# New SMith PheNom Goggles



## Guest (Dec 3, 2008)

I just ordered a pair. On their way. 
Supposedly they're a one size fits all. I tried a pair on at the store for sizing and they fit me snug. They have a vaporator lense and vents on top that you can easily adjust to open or close, so fogging should not be a problem.


----------



## Guest (Dec 3, 2008)

ya im about to order me some right now!! i just wantd some feedback first.. 130 is a lot to spend if you dont know nothin bout them


----------



## legallyillegal (Oct 6, 2008)

They fit small-to-medium.

More medium than small.


----------



## Guest (Dec 4, 2008)

Had a pair last year until my dog chewed them up but i liked them a lot.


----------



## killclimbz (Aug 10, 2007)

I've got a pair of Turbo Fan Phenoms with the Sensor lens. Fantastic goggle without a doubt. For the money I personally think Smith makes the best goggles out there.


----------



## Jenzo (Oct 14, 2008)

Anyone try the Prodigy? I am debating between the Prodigy and the Phenom... can anyone compare them to another fit of goggle?


----------



## AAA (Feb 2, 2008)

I recently tried both on. Both similar, but the Phenoms were too small and had a touch less peripheral/downward view. The Prodigy's were bigger and fit me well. I ordered a black pair with the Sensor Mirrored lenses online and am waiting for them to arrive. Evogear by far had them at the best price I could find, at $56.90, with free shipping. Just checked them, though, and it looks like their sale ended and they went back up. If one store had them for that, though, others are bound to have them at least in that ballpark sooner or later.


----------



## Jenzo (Oct 14, 2008)

Cool, thanks for info. I went with the Prodigy turbo fan. On sale at backcountry


----------



## Rocan (Dec 3, 2008)

i have the phenom goggles... great gogles, got them cheap from sierra, says on the box medium fit. dont fog, good vision, comfy fit. i couldnt say anything bad about them. I like how you can un clip them instead of sliding em off... great for long hair. last but not least, the quality is top notch.

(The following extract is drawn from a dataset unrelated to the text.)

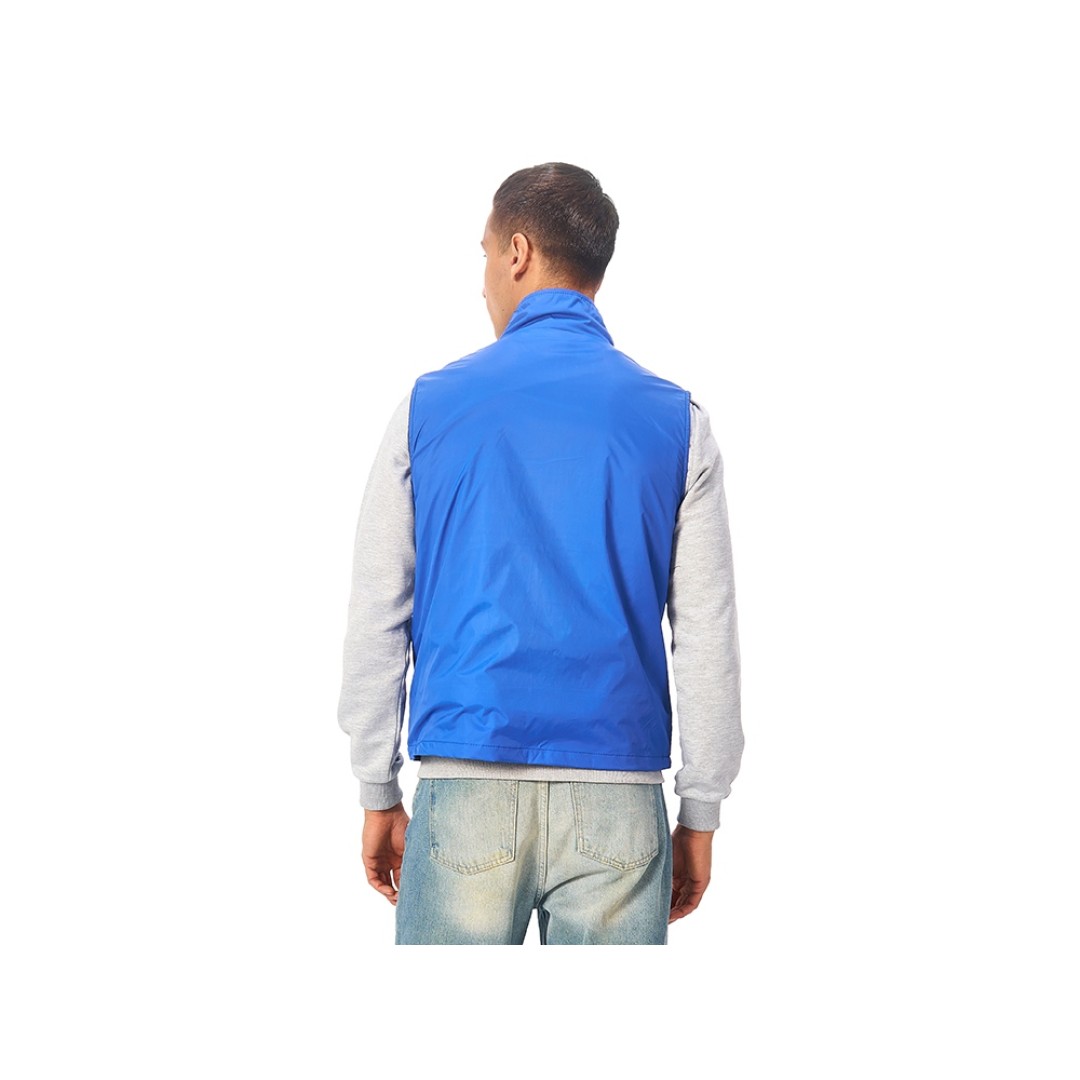 Жилет "Clermont", синий классический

overall... the phenom is super steezy.


----------



## Guest (Dec 21, 2008)

not sure why it is medium fit, my head is 7.75 and phenoms fit fine (before i shaved my head i wore an 8" hat)









i've never had 'em fog up and spherical lenses are nice. I have the platinum mirror lens for mine and it's absolutely awesome for bright bluebird days.


----------